いや、例えばジョン・レノンの「ジョンの魂」とかRCサクセションの「楽しい夕に」っていうアルバム、俺はすごく好きなんだけど、あそこには独り言が独り言のままあるよ。脚色がない気がする。だからよくわかんないし、でもその人がよくわかる。それが本当のコミュニケーションなんじゃないかな。

──なるほど。

まあいろんなやり方があるし、みんながこのやり方をやらなきゃいけないってことじゃないけどね。

──あえて技巧を加えずに、そのままを出すということですよね。

曽我部恵一

子供たちが作文とか書くにしてもだんだんうまくなって「お前そんなこと思ってないだろう」みたいなこと書き始めるじゃん。「私もがんばりたいと思いました」みたいな。いや、そういうことじゃなくて、もっと君の心が聞きたいんだよって思う。高学年くらいになると作りこんだ跡も見せないくらい巧みになってきて。でもやっぱり自分が歌を歌うときくらいはそうじゃない感じでやりたくて。本当は誰でもあるんだよ、例えばコンビニで店員に「チッ」とか思うこととか。でもそのことはとりあえずナシにしといて、素晴らしい未来のことを歌ったりするじゃない。でも「その『チッ』はどこいったんだよ、お前」って思うわけ。こっちの大きい素晴らしいことを表現するときに、そういう小さなことが見捨てられがちだから。自分はそこもちゃんと歌にしていきたいなって。

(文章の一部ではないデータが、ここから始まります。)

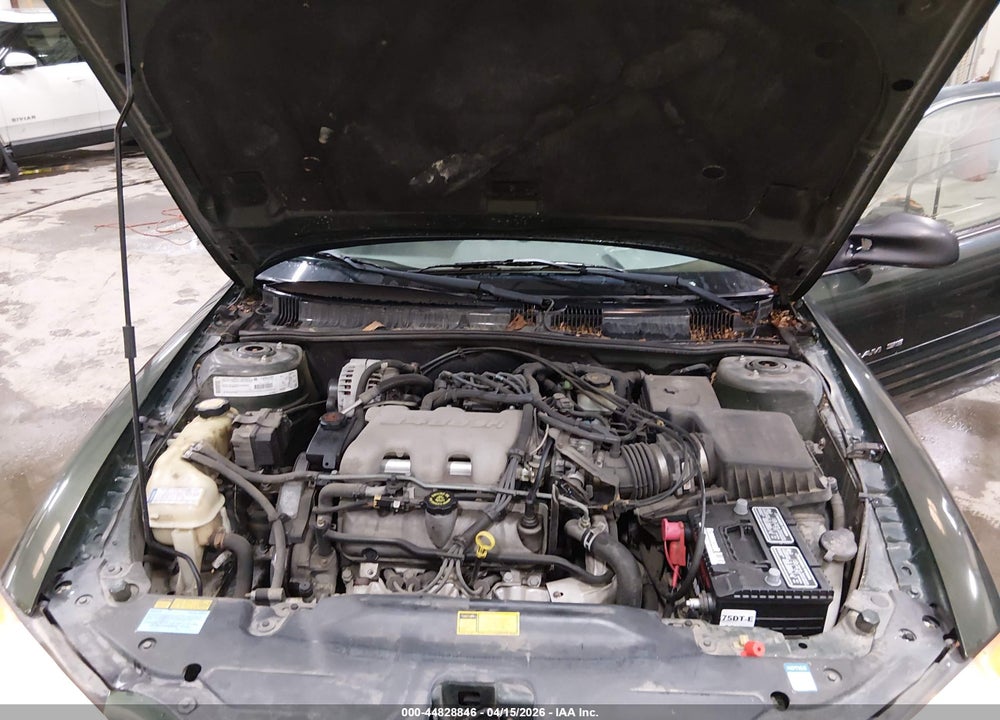 2000 PONTIAC GRAND AM SE1 VIN: 1G2NF12EXYM758990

──曽我部さんがやろうと思えば、カレーライスの歌にもちょっと気の利いた、共感を得られるような要素を入れることはできるはずなのに。

入れるとまたちょっと自分から離れちゃうからね。

──入れないって決めて、意識してやってないわけですよね。

でも初期の清志郎とかもやってないよ、ジョン・レノンとかも。からっからに乾いてて「この人寂しいんだな」ってことだけがぼんやり残るんだよね。言いたいことは漠然としてたとしても、ぼんやりとその人だけは残る。俺はそれがいいなって思うの。

物足りなくていい

──ひとつ気になる点があって、日記的なアプローチをとっているせいか、このアルバムはいわゆる“名盤”的な印象が薄い気がするんです。どの曲もさりげないぶん、大きな感動みたいなものは生まれにくくて、そこに若干の物足りなさを感じるところもあるんですが。

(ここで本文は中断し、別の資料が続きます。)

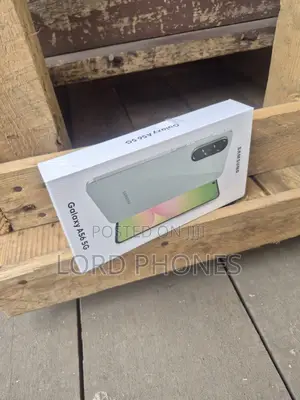 New Samsung Galaxy A56 256 GB Gray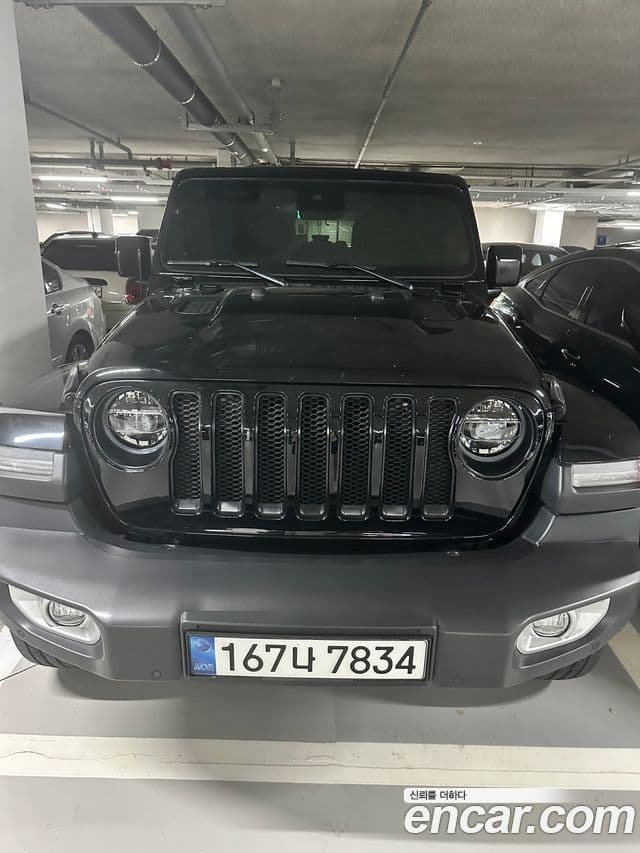 Jeep Wrangler 2021 — Photo 5/5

いや、それでいいんだよ。よくわからなくて物足りない。それでいいと思うな。

──そういうものですか。

映画にしてもコマーシャルで「泣きました!」とか言ってるような、そういうのあるでしょ。そういうものも大事だし、否定するつもりはまったくないんだけど、俺が作ろうとしてるのはそうじゃない。その場で胸をぎゅっとつかむようなものより、心のどっかに引っかかって離れないっていうか、あとからなんか思い出しちゃうようなもののほうが大事なときがある。「これがど真ん中の表現だ!」っていうのは今、もうないんじゃないかな。俺たちが若かりし頃はOasisの「Don't Look Back In Anger」みたいな曲がど真ん中だって言えたけど、今はそうじゃないと思う。

曽我部恵一

──それは時代の変化によるもの?

もちろんあるんじゃないかな。みんなが音楽に何を求めるのかってところも変化してると思うし。俺はとにかく簡単には感動させたくないわけ。

──えっ?

させたくないのよ。感動なんて嘘っぱちだろうと思ってる。「全世界が涙!」とかさ。そういうお涙頂戴的な感動を自分が提示しようとはまったく思わないね。

──まあ、そういう感動の押しつけがイヤだっていうのはわかるんですけど、そこまで極端なものじゃなくても、自分の歌を聴いた人の心を動かしたいとか、その人に変化を与えたいとかそういう気持ちは?

正直、そこも考えてないんだよ。自分のことをとにかくきっちり歌うっていうのをまずやりたくて。

──じゃあ聴いてる人のことはどうでもいい?

うん、ほぼどうでもいい。

──そうなんですね(笑)。

意識してないし、よくわかんないっていうほうが近いかもしれない。俺が自分で聴きたいものを作ってるだけだからね。

ニューアルバム「超越的漫画」/ 2013年11月1日発売 / 2500円 / ROSE Records / ROSE-160
収録曲
  1. ひとり
  2. すずめ
  3. リスボン
  4. うみちゃん、でかけようよ
  5. あべさんちへ行こう
  6. もうきみのこと
  7. そかべさんちのカレーライス
  8. 6月の歌
  9. マーシャル
  10. バカばっかり
曽我部恵一(そかべけいいち)

1971年生まれ、香川県出身のシンガーソングライター。1990年代からサニーデイ・サービスの中心人物として活躍し、バンド解散後の2001年からソロアーティストとしての活動を開始する。精力的なライブ活動と作品リリースを続け、客演やプロデュースワークなども多数。フォーキーでポップなサウンドとパワフルなロックナンバーが多くの音楽ファンから愛され続けている。2004年からは自主レーベル「ROSE RECORDS」を設立し、自身の作品を含むさまざまなアイテムをリリースしている。3児の父。